- Born: Dudley Howard Williams 25 May 1937 Farsley, West Riding of Yorkshire, England
- Died: 3 November 2010 (aged 73) Cambridge, England
- Education: Pudsey Grammar School
- Alma mater: Leeds University (BSc, 1958 PhD, 1961)
- Spouse: Lorna Patricia Phyllis Bedford
- Children: 2
- Awards: See list
- Scientific career
- Fields: Chemistry Organic Chemistry
- Institutions: Cambridge
- Doctoral advisor: Basil Lythgoe
- Other academic advisors: Carl Djerassi
- Doctoral students: Jeremy K M Sanders Carol Bradley Chris Hunter

= Dudley Williams (biochemist) =

British biochemist

Dudley Howard Williams (25 May 1937 – 3 November 2010) was a British biochemist known for utilizing nuclear magnetic resonance (NMR) spectroscopy and mass spectrometry in the study of molecular structure, especially the antibiotic vancomycin.

==Biography==
Dudley Howard Williams was born on 25 May 1937 in Farsley, Yorkshire, the only child of Lawrence Williams, an engineers chief order clerk, and Evelyn (née Hudson). He attended Pudsey Grammar School, from where he gained a place at the University of Leeds. He graduated in 1958 with a first-class BSc in Chemistry.

Williams' research for a PhD was on the synthesis of Vitamin D and related compounds, under the supervision of Basil Lythgoe, FRS at Leeds; his degree was awarded in 1961. That same year he was awarded a Fulbright Scholarship and moved to Stanford University to work with Carl Djerassi exploring the application of mass spectrometry (MS) in organic chemistry. He used the evenings to investigate the use of nuclear magnetic resonance (NMR) on a 100 MHz instrument with Norman Bhacca at nearby Varian Associates. "In three stunningly productive years, he showed how mass spectrometry and NMR … could transform the way that organic chemists worked. His textbooks, reviews, research papers and lectures revolutionised organic chemistry over the following years".

In December 1962 Djerassi gave Williams three months' leave to go back to England to marry Lorna Patricia Phyllis (always known as Pat) Bedford, whom he had met at Leeds. She was a secretary in the Chemistry department. They married on 9 March 1963 and travelled to California, which they enjoyed exploring in their leisure time.

The next move was to Cambridge in 1964, to take up a junior position in Organic Chemistry, at the invitation of Lord Todd. A condition of the move was that the department should buy a Varian 100 MHz NMR spectrometer and an AEI MS9 mass spectrometer.
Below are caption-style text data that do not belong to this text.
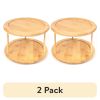 (2 pack)Kitchen Organizer Bamboo Turntable 2-Tier Spice Rack, 10.04 DIA x 6.89 in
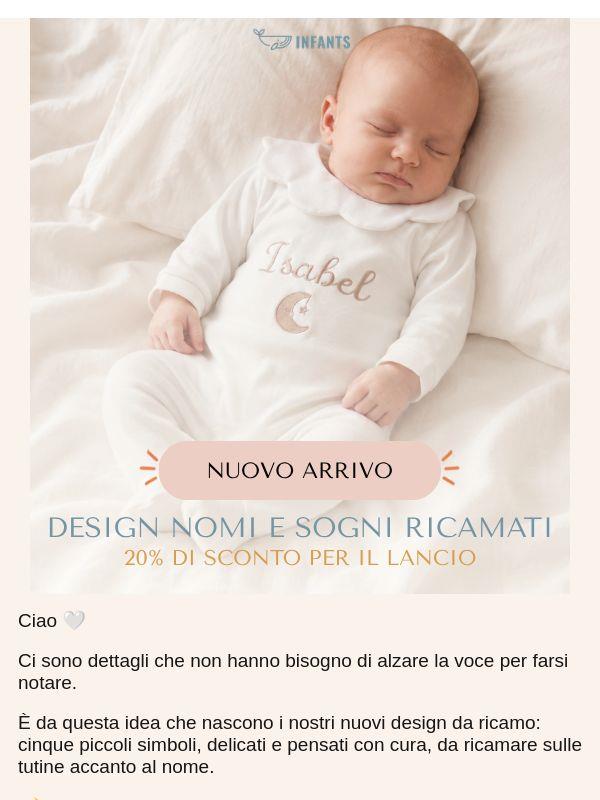 Cinque nuovi ricami. E il suo nome al centro di tutto. Delicati, eleganti, suoi: i nuovi design da ricamo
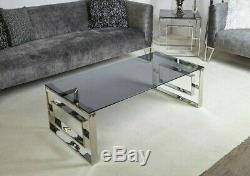 Plaza Glass Stainless Steel Console Coffee End Tables Living Room Furniture Set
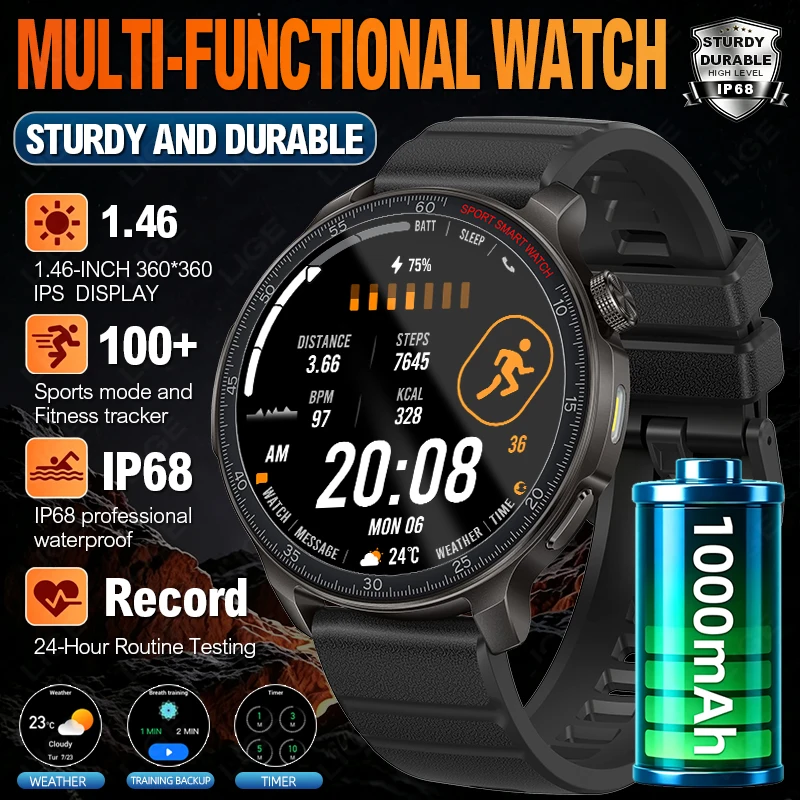 LIGE Military Smart Watch Men 1000mAh Large Battery Smart Watch Waterproof BT Call Flashlight Sports Health Monitor Smartwatches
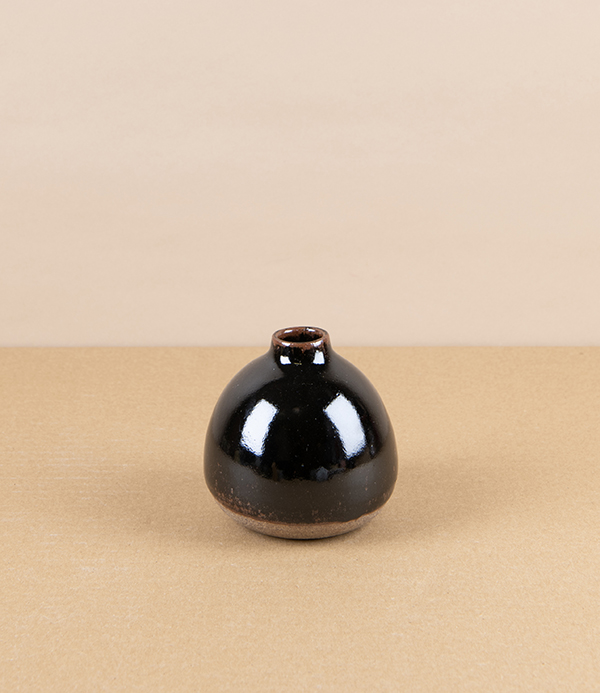 Symy Ong Hand-Thrown Bud Vase, Tenmoku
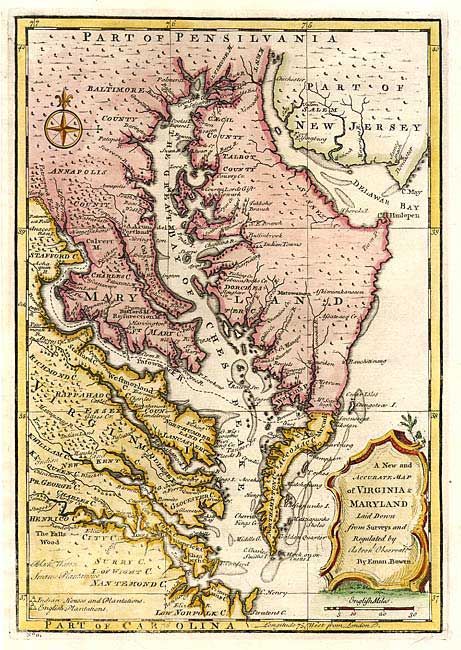 A New and Accurate Map of Virginia & Maryland, Laid Down from Surveys and Regulated by Astronl. Observatns.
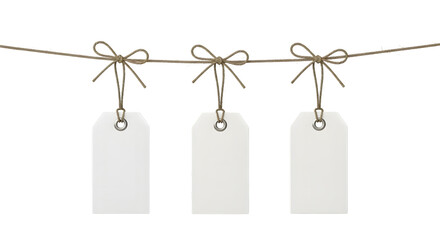 Three blank white price tags hanging on a string isolated on transparent background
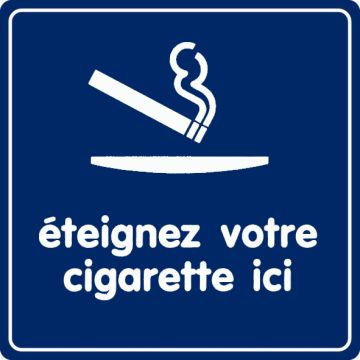 Plaquette Eteignez votre cigarette ici - Plexiglas couleur 90x90mm - Novap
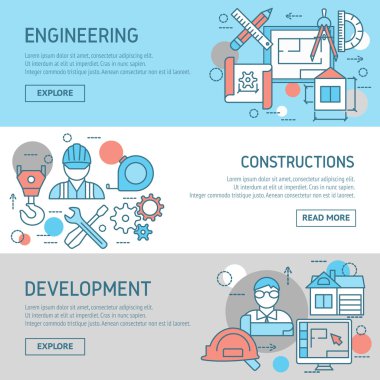 Engineering And Constructions Horizontal Banners Set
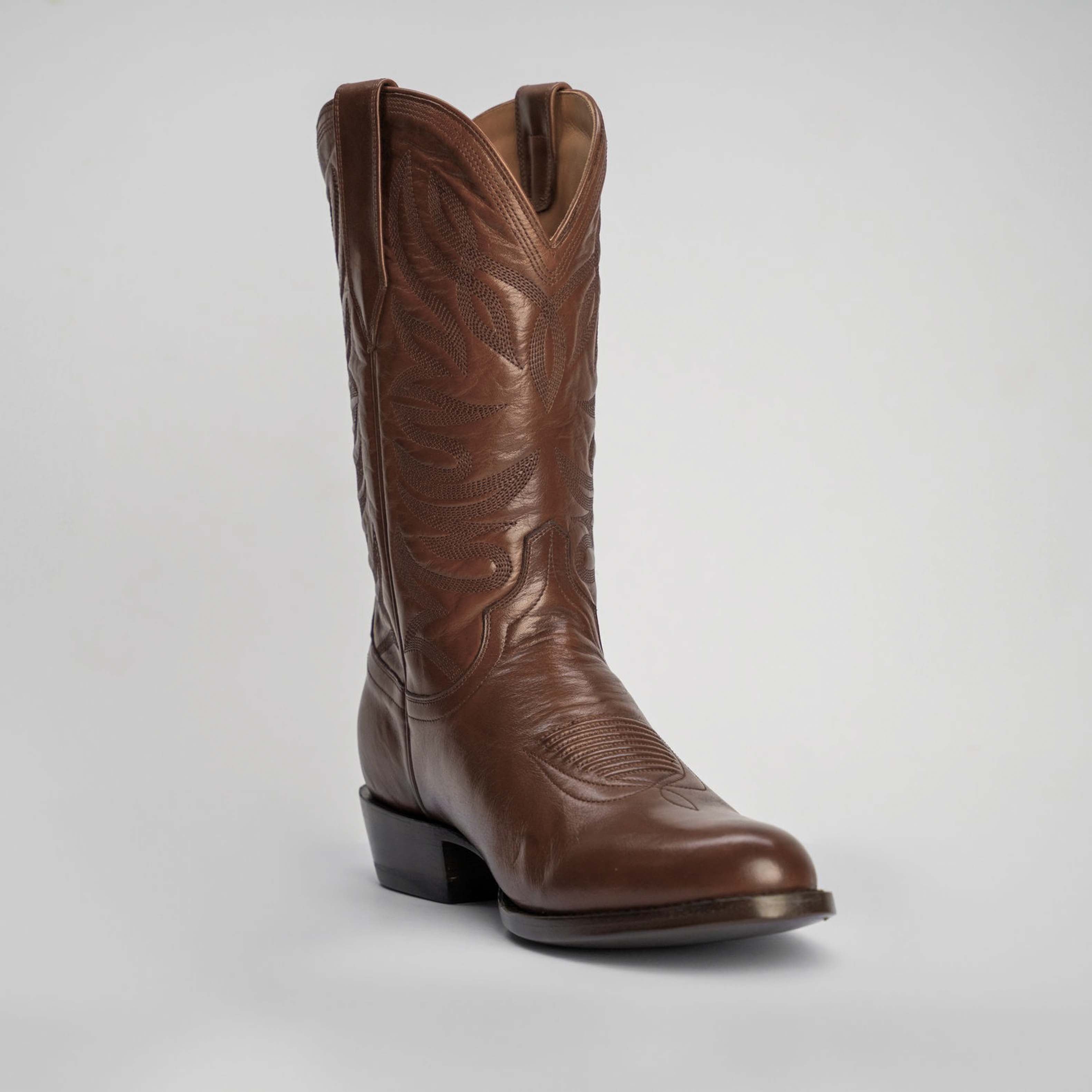 The Sterling | Men's Cowboy Boot | Natural Grain Calfskin Leather | Whiskey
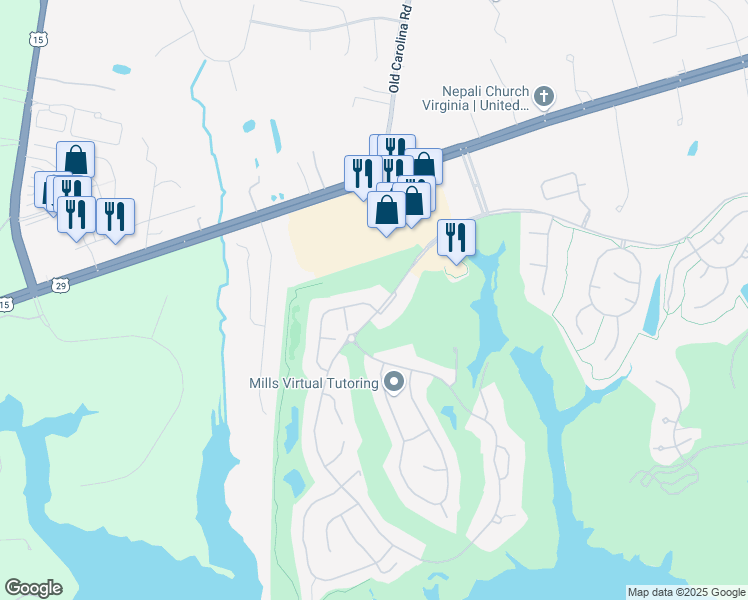 map of restaurants, bars, coffee shops, grocery stores, and more near 15642 Turtle Point Drive in Gainesville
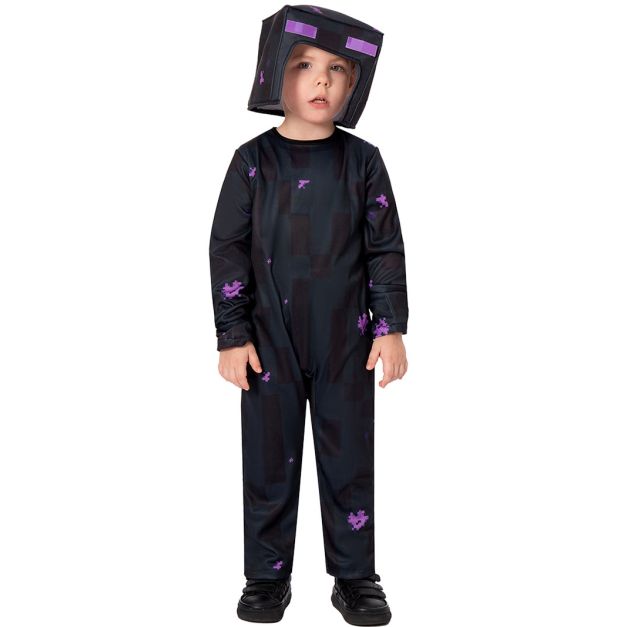 Kids tall block creature costume with black pixel-print jumpsuit and purple cube headpiece Kids tall block creature costume with black pixel-print jumpsuit and purple cube headpiece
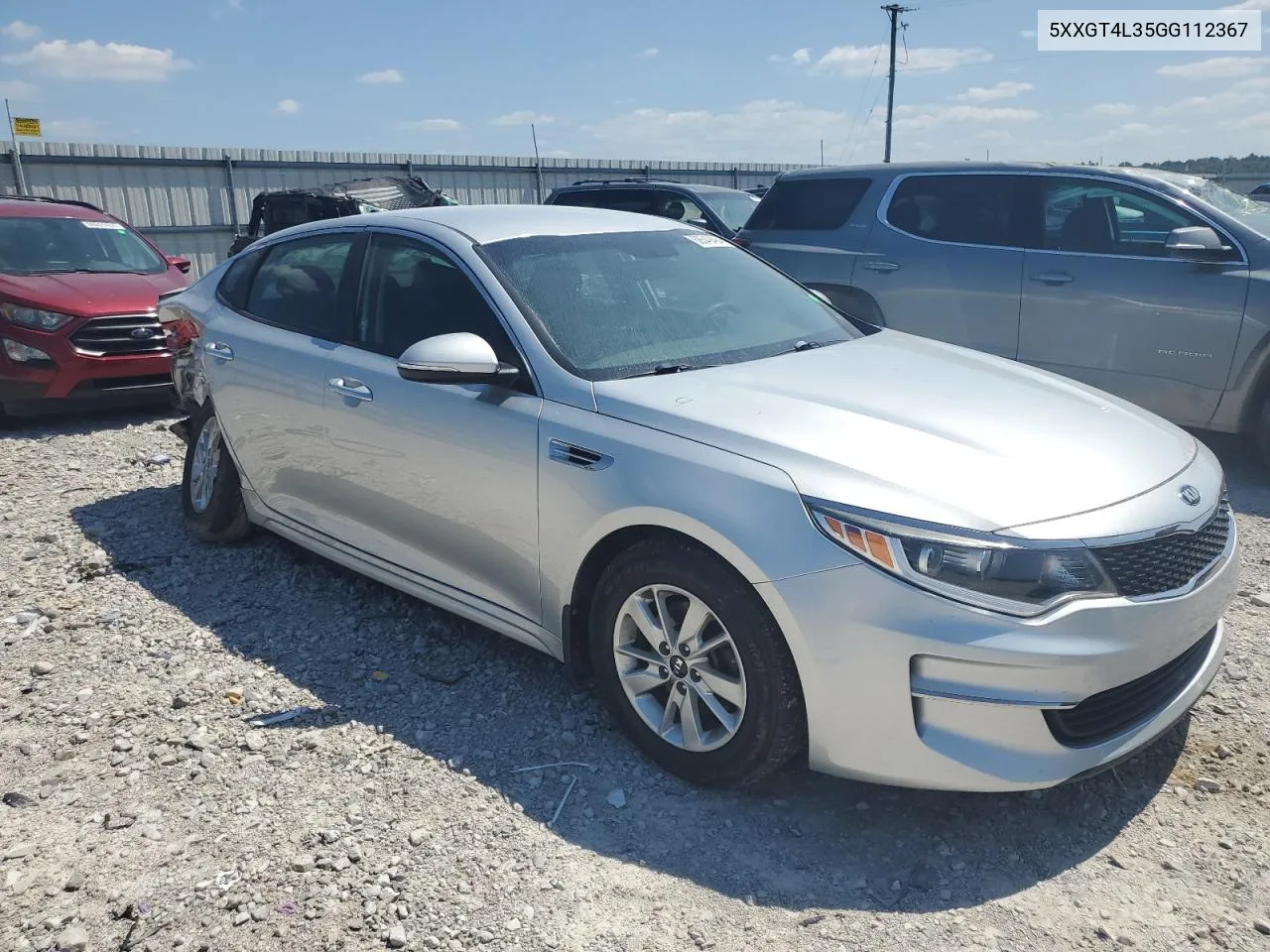 2016 Kia Optima Lx VIN: 5XXGT4L35GG112367 Lot: 68549494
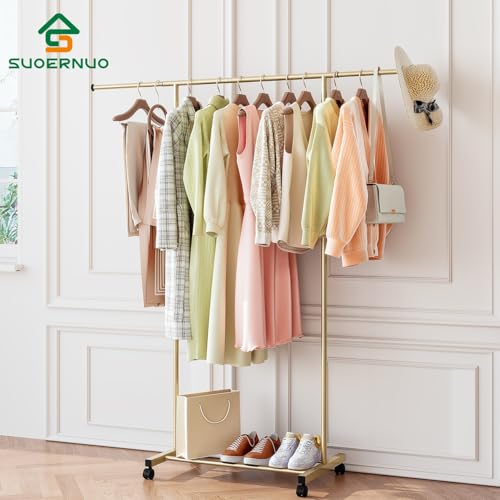 SUOERNUO Clothes Rack with Lockable Wheels Garment Rack for Hanging Clothes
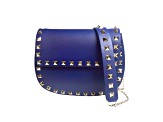 Valentino Garavani Rockstud Blue Leather Small Chain Crossbody Bag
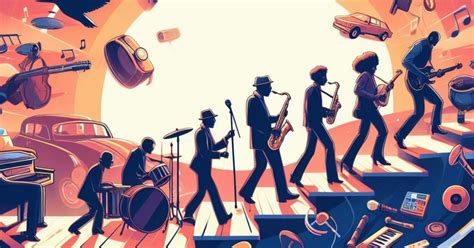 Illusztráció: Blues zenekar játszik egy motoros találkozón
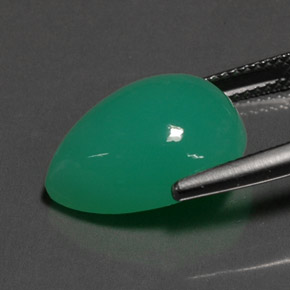 Crisoprasa verde natural de 9,43 ct, en forma de pera, opaco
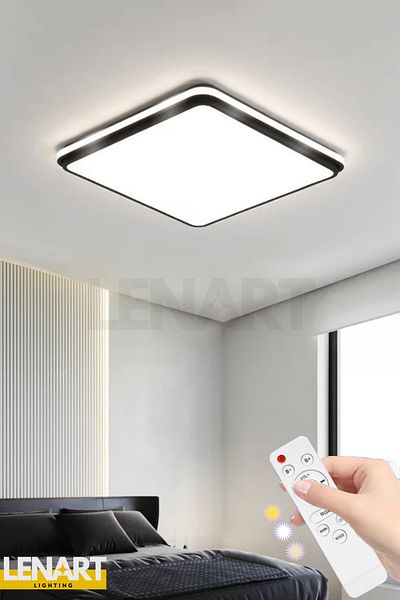 Lenart Lighting Square Model Black Chandelier Remote Controlled 3 Color Illuminated Ceiling Led Chandelier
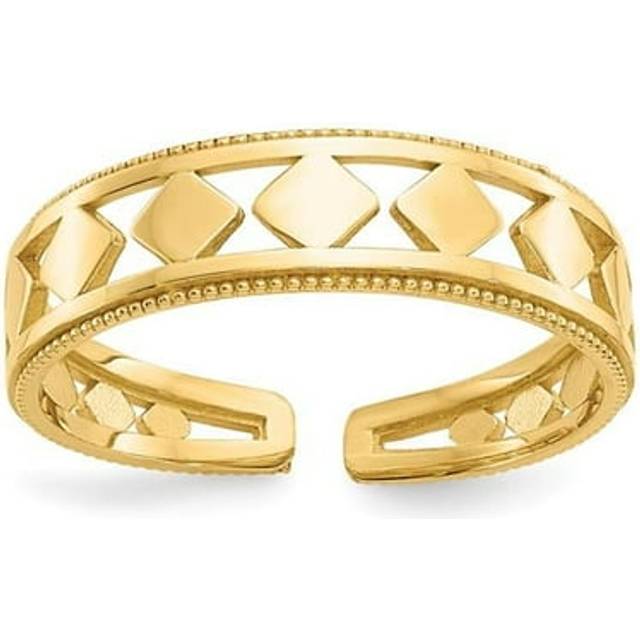 14K Yellow Gold Diamond Shapes Toe Ring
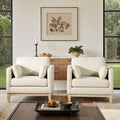 Modern Farmhouse Arm Chair with Removable Cushions - Flax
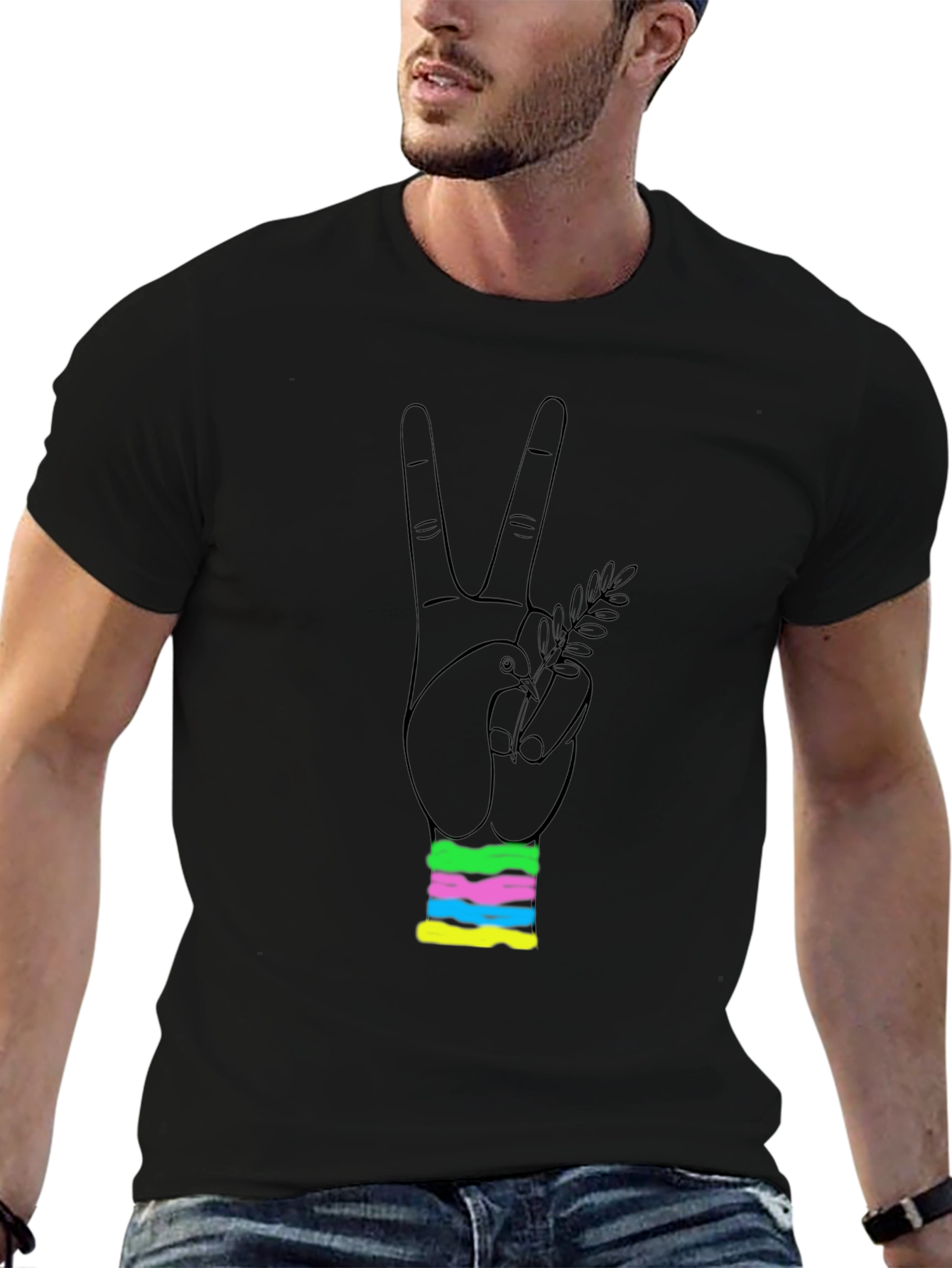 Peace Dove Graphic Black T-Shirt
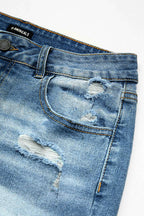 Raw Hem Ripped Low Rise Denim Shorts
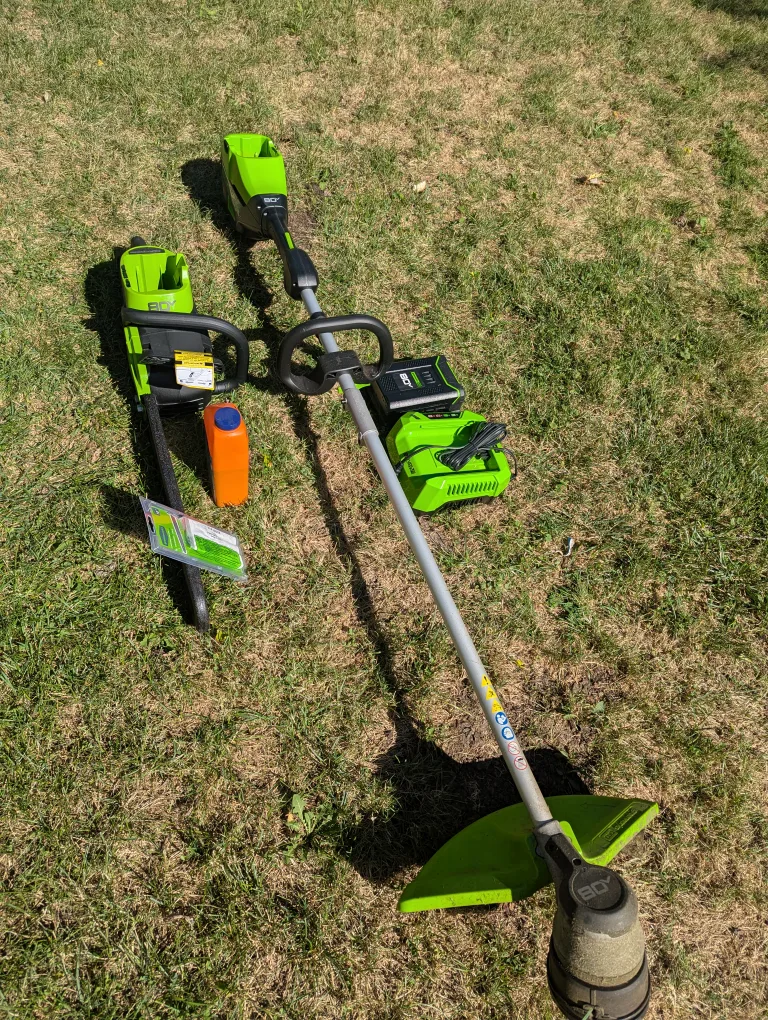 Greenworks 80V Chainsaw & String Trimmer Combo CASH ONLY AS IS image indicator(8)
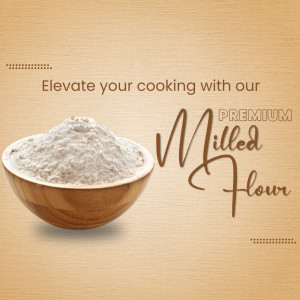 A wooden bowl filled with white premium milled flour on a textured beige background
Williams stayed at Cambridge until his retirement in 2004.

In his memoir of Dudley Williams, Sanders noted that "the different areas of [his] science overlapped, intertwined and evolved so it is not easy to separate them out for discussion". He summarized Williams' work in three areas
- NMR and MS

A key contribution here was the use of shift reagents to alter NMR spectra to reveal more detail.

Conventional MS and then fast atom bombardment MS enabled Williams to sequence biologically active peptides, including gastrin and insulin.

- Determining the structures and modes of action of the vancomycin family of antibiotics

In 1969 Dudley took on the problem of determining the structure of vancomycin, a powerful natural antibiotic active against Gram-positive bacteria.

- Evolution

Williams "argued powerfully that 'natural products' such as the alkaloids
found in many plant species that have no known function must have a vital but unknown role in order to justify the evolutionary effort and energy expenditure in maintaining their presence through many cycles of natural selection.

==Selected publications==
- Williams, D.H. (1965). "Solvent effects in NMR spectroscopy—III"
- Williams, Dudley H. (1977). "A transition-state probe"
- Williams, Dudley H. (1981). "Fast atom bombardment mass spectrometry: A powerful technique for the study of polar molecules"
- Williams, Dudley H. (1999). "The Vancomycin Group of Antibiotics and the Fight against Resistant Bacteria"
- Fleming, Ian (2020). "Spectroscopic Methods in Organic Chemistry"
A full bibliography is available.

==Awards and honours==
- 1964 Fellow of Churchill College
- 1966 Meldola Medal, Royal Institute of Chemistry
- 1968 Corday–Morgan Medal, The Chemical Society
- 1983 Fellow of the Royal Society
- Tilden Medal, Royal Society of Chemistry
- 1984 Structural Chemistry Award, Royal Society of Chemistry
- 1990 Academia Europaea
- 1990 Bader Award, Royal Society of Chemistry
- 1996 Leo Friend Award, American Chemical Society

==Personal life==
Dudley and Pat had two sons, Mark Howard in 1966 and Simon Bedford in 1968.
Williams retired in 2004. Six years later he was diagnosed with an aggressive carcinoma of the liver. He died in a hospice in Cambridge on 3 November 2010.